İslamofobi dalgası tüm müslümanlar için acı bir olaydır ancak tüm müslümanlar arasında küresel istikbara karşı vahdetin oluşması ve gerçek islamı dünya halkına tanıtmak için yeni bir fırsat oluşturmuştur. Bu tefrika yaratan girişimlerle mücadelenin tek yolu vahdet ve birlikteliktir ve islam ümmeti bu yolda bilinç ve farkındalıkla hareket etmelidir. İslam ümmeti ayrıca şimdiki durumun hassas şartlarına bakarak islami vahdet yolunda düşmanların komplolarının hezimete uğramasına şahit olmaları için aralarındaki ortaklıklara bakarak adım atmalıdırlar. Msülümanlar arasında vahdet ve beraberlik oluşursa islam düşmanlarına tekfirci ve terör düşüncelerinin gelişmesi için fırsat oluşmayacak. Bu nedenle rahman ve rahim Allah Kur'anı Kerim'in Enfal suresinin 46. ayeti şerifinde şöyle buyuruyor: " Allah'a, ve O’nun Peygamberine itaat ediniz; birbirinizle uğraşıp çekişmeyiniz; sonra korkaklaşıp kuvvetten düşersiniz. Bir de mutlaka sabrediniz, iyi biliniz ki Allah sabredenlerle beraberdir." Aslında çekişme ve kavga müslümanları içten zayıflatır ve dışarıdan onurlarını heba eder. Bu nedenle  müslümanlar itaat ve vahdet içinde kararlı olmalı ve eğer bir şey kendi isteklerine aykırı olursa, Allah'ın vaad ettiği üzere kendi yardımı ve zaferinin tadını onlara tattırmak için sabretmeleri gerekir.

 

Yüce Allah Enbiya suresinin 92. ayetinde "Muhakkak, işte bu sizin ümmetiniz, tek bir ümmettir. Ben de sizin Rabbinizim; o halde Bana kulluk edin." buyurduğu sözler vahdeti islam ümmetinin büyük özelliklerinden sayıyor.İslam peygamberi de islam ümmeti içinde vahdeti oluşturmak için müslüman göçmenleri ve Ensar'ı İslam sözleşmeleri ve  bayrağının altına aldı.Bu sözleşmelerin tüzüğü müslümanları daha da birbirlerine yakınlaştırdı ve halk topluluklarının dini ilişkileri ve inanç temellerini ayarlayarak güçlendirdi.Allah resulünün öğretileri ışığında müslümanlar, tevhid eksenli inanç üzerinde tefrikanın sebeplerini silmek için sahte sınırları ortadan kaldırmalı ve müslümanlar arasında birlikteliği güçlendirme zemininde çalışarak İslam dininin gerçek barış talep ve merhametli yüzünü dünyaya sunmaları gerekiyor.

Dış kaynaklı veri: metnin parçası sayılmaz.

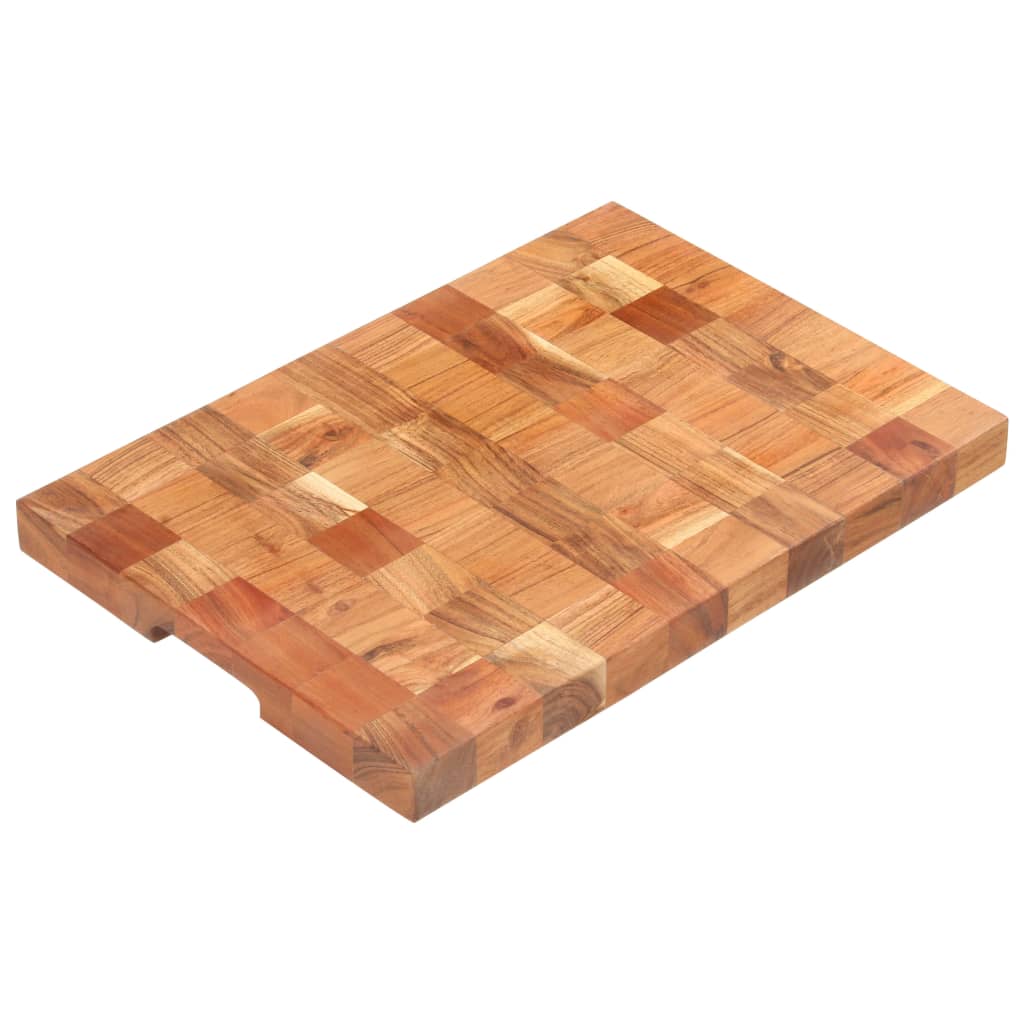 vidaXL Placă de tocat, 50 x 34 x 3,8 cm, lemn masiv de acacia vidaXL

Tüm müslümanlar, aralarında insicamın sembolü olan vahdet haftası islam dünyası karşısında eşsiz bir fırsat olarak ufak tefek ihtilaflara göz yumup kur'an ve sevgi ve rahmet peygamberi Hz Muhammed'in-saa-  öğretilerine sarılarak bu birlikteliğin geçmişten daha sağlam bir şekilde oluşması yolunda adım atmalılar.

Programımızın sonunda bir kez daha idrak etiğimiz şu mübarek günlerden dolayı siz değerli dinleyicilerimizi kutlayarak islam ümmeti için huzur, barış, güvenlik ve iktidarın gelmesini niyaz ediyoruz.